Counters 311-313 are coupled to interpolators 321-323, respectively, and are configured to increment or decrement based on input from the interpolator coupled thereto and from front entry indicator logic 531. For example, in the case of counter 311, when interpolator 321 completes an operation on a particular data block, counter 311 increments by a value of 1. Thus, when interpolator 321 completes a decoding operation on a data block, counter 311 has a value of 1. In addition, when the front entry 520A of buffer allocation list 520 corresponds to a data block that was designated to be processed by interpolator 321, front entry indicator logic 531 outputs a “1” value to difference function 511 and counter 311 decrements by a value of 1. Thus counter 311 is returned from a value of 1 (after completing processing of a data block) to 0, meaning interpolator 321 has no pending entries to be deallocated.
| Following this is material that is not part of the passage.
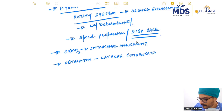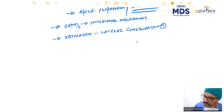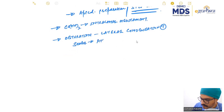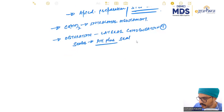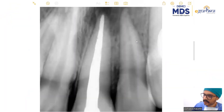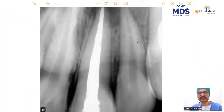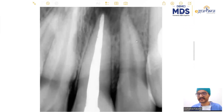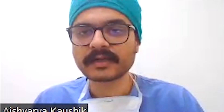The sealer we used was AH Plus. That's how the obturation looks — you can see the nice radio opacity. AH Plus sealer has great radio opacity. So that was the case for today.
In this way, counter 311 is reset after interpolator 321 has processed a data block and a portion of ring buffer 302 corresponding to the processed data block has been deallocated.

Buffer status logic 532 compares the value of each of counters 311-313 to zero, and under certain condition outputs a signal to fee entry counter 303 indicating that a portion of ring buffer 302 corresponding to a data block processed by an interpolator can be deallocated. Specifically, when a counter (e.g., counter 311) has a value of 1, meaning that the corresponding interpolator (e.g., interpolator 321) has completed processing of a data block, and front entry indicator logic 531 indicates that front entry 520A corresponds to a data block that was designated to be processed by the interpolator, buffer status logic 532 sends the signal to free entry counter 303. When a counter has a value of 1 and front entry indicator logic 531 indicates that front entry 520A does not correspond the interpolator, buffer status logic 532 does not send the signal to free entry counter 303.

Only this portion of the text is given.